Pendidikan dan Deteksi Dini
Salah satu tantangan terbesar adalah bagaimana sistem pendidikan dapat mengenali bakat luar biasa dan sekaligus merawat kesehatan mental individu yang memiliki kecenderungan pemikiran mendalam. Sayangnya, pendidikan kita masih sangat normatif dan homogen. Anak yang bertanya terlalu banyak dianggap “nakal”. Siswa yang mengkritisi guru dianggap “tidak sopan”. Padahal, bisa jadi mereka adalah benih kecerdasan luar biasa yang butuh diarahkan, bukan ditekan (Robinson, 2017).
Sistem kesehatan mental pun belum mampu menjangkau atau memahami spektrum antara jenius dan psikotik. Banyak kasus di mana individu yang cerdas didiagnosis dengan gangguan hanya karena mereka berbeda. Diperlukan pendekatan multidisipliner — psikologi, neurologi, antropologi, bahkan estetika — untuk benar-benar memahami siapa yang cerdas, siapa yang sakit, dan siapa yang hanya butuh ruang untuk mengekspresikan dirinya.
Menuju Masyarakat yang Lebih Berempati
Pada akhirnya, membangun masyarakat yang sehat secara psikososial berarti membangun masyarakat yang lebih empatik, bukan sekadar toleran. Cerdas dan gila bukan dua kutub yang saling meniadakan. Banyak yang hidup di antara keduanya, bahkan berpindah-pindah secara dinamis. Dunia membutuhkan ruang aman bagi para pemikir, seniman, spiritualis, dan visioner — termasuk yang dianggap eksentrik.
Dalam sebuah dunia yang semakin gersang karena kepatuhan massal dan perintah algoritma, orang-orang yang dianggap “gila” barangkali adalah mereka yang paling waras. Mereka yang tak segan mempertanyakan segalanya, berpikir bebas, dan hidup seturut keyakinan yang tak populer. Di mata masyarakat, mereka mungkin gila. Tapi di mata sejarah, merekalah penanda zaman.
Referensi
- Arendt, H. (1958). The Human Condition. Chicago: University of Chicago Press.

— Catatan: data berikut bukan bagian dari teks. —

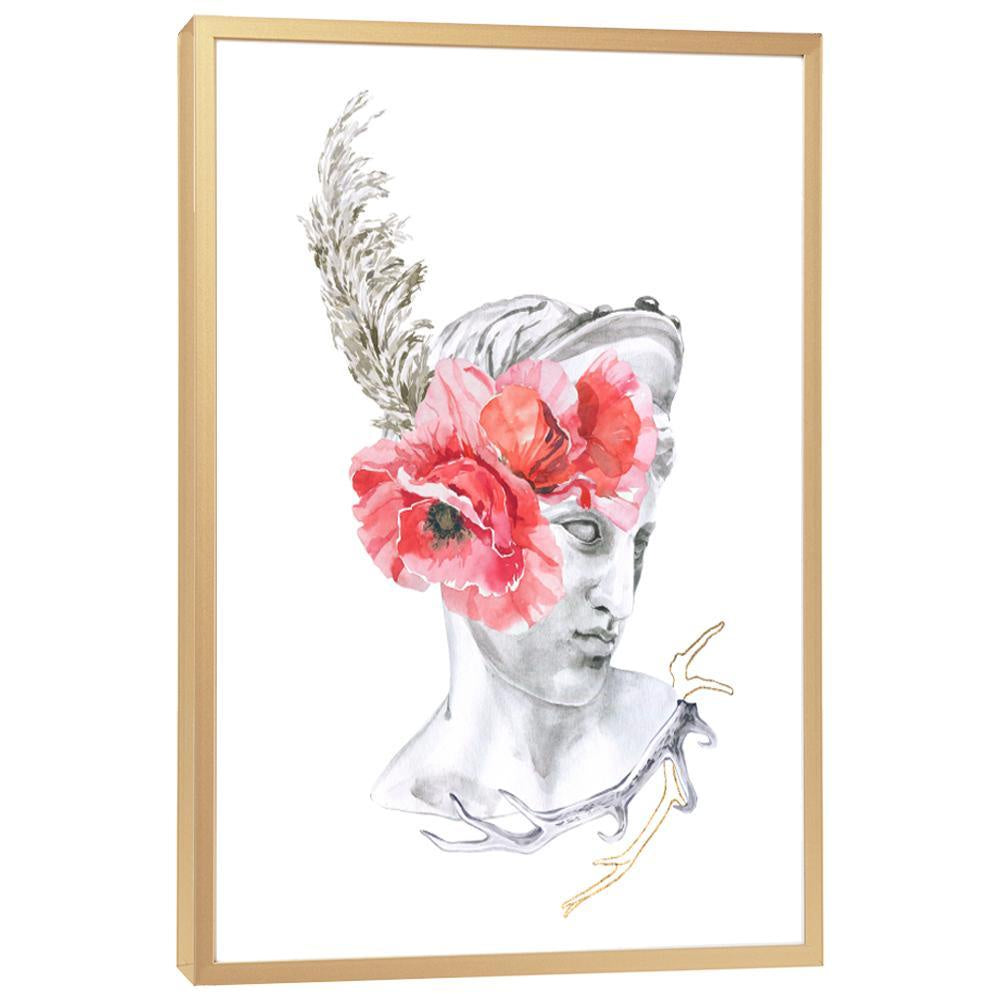 Greek Female Portrait - On Sale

- Chittick, W. C. (2000). Sufism: A Short Introduction. Oxford: Oneworld.
- Corrigan, P. W. (2016). Principles and Practice of Psychiatric Rehabilitation. New York: Guilford Press.

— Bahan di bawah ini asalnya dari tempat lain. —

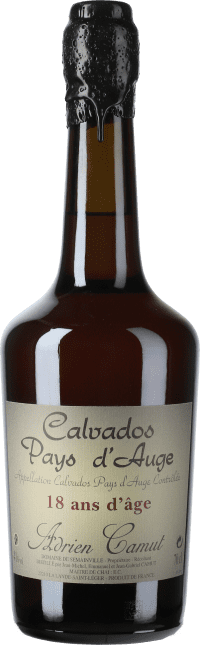 Adrien Camut: Calvados Camut Privilège (18 Jahre)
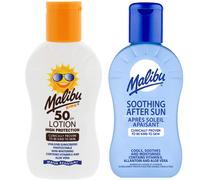 Malibu Baby Lotion SPF50 100ml + Doposole 100ml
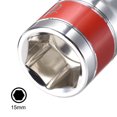 thumbnail image 4 of Unique Bargains 1/2-Inch Drive by 15mm Shallow Socket w Red Band, Cr-V, 6-Point, Metric, 4 of 4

- Foucault, M. (1965). Madness and Civilization. New York: Pantheon.
- Hodges, A. (2014). Alan Turing: The Enigma. Princeton: Princeton University Press.

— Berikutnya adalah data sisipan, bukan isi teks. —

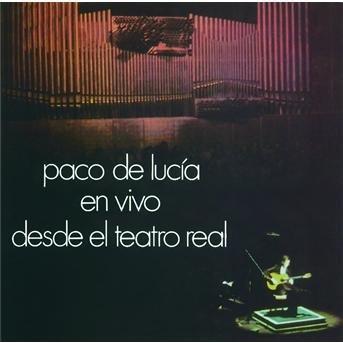 Teatro Real en Vivo - Paco De Lucia - Music - POL - 0042283838123 - August 18, 2004
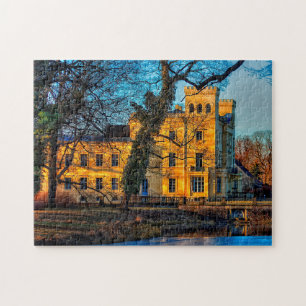 Castle Steinhöfel Brandenburg Germany. Jigsaw Puzzle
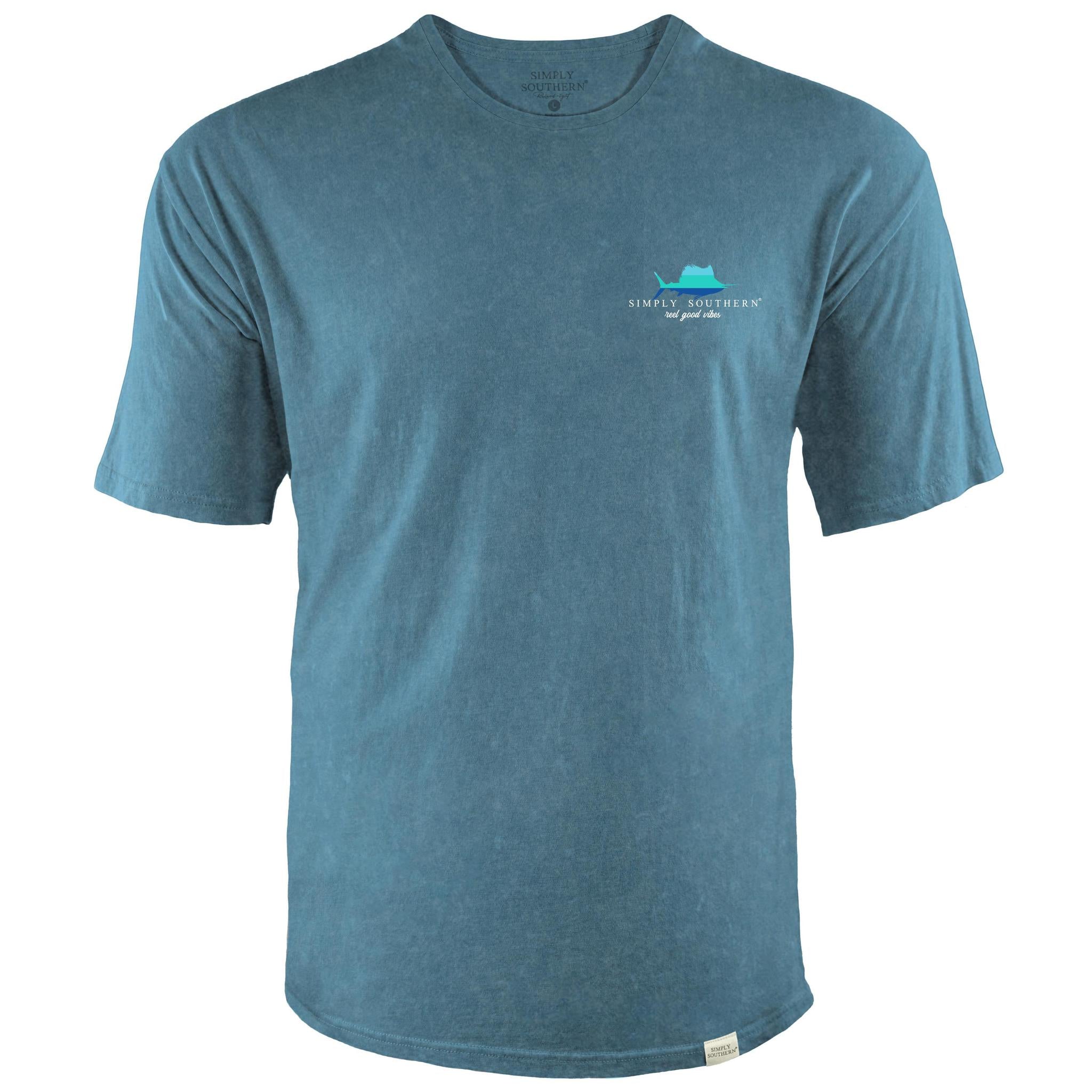 Sea Flag (Men's Short Sleeve T-Shirt) by Simply Southern – Here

- Karpinski, R. I., et al. (2018). High intelligence: A risk factor for psychological and physiological overexcitabilities. Intelligence, 66, 8-23.
- Kaufman, S. B. (2021). Transcend: The New Science of Self-Actualization. New York: TarcherPerigee.
- Robinson, K. (2017). Creative Schools. New York: Penguin Books.
- Sadock, B. J., Sadock, V. A., & Ruiz, P. (2021). Kaplan & Sadock’s Synopsis of Psychiatry. Philadelphia: Wolters Kluwer.
- Sacks, O. (2012). Hallucinations. New York: Knopf.
- Sternberg, R. J. (2019). The Nature of Human Intelligence. Cambridge: Cambridge University Press.
- Taleb, N. N. (2020). Skin in the Game: Hidden Asymmetries in Daily Life. New York: Random House.
- Young, J. (2010). Friedrich Nietzsche: A Philosophical Biography. Cambridge: Cambridge University Press.
- Rumi, J. (trans. Barks, C.) (2004). The Essential Rumi. New York: HarperOne.
- Al-Ghazali. (2005). The Alchemy of Happiness (trans. Claud Field). New Delhi: Islamic Book Service.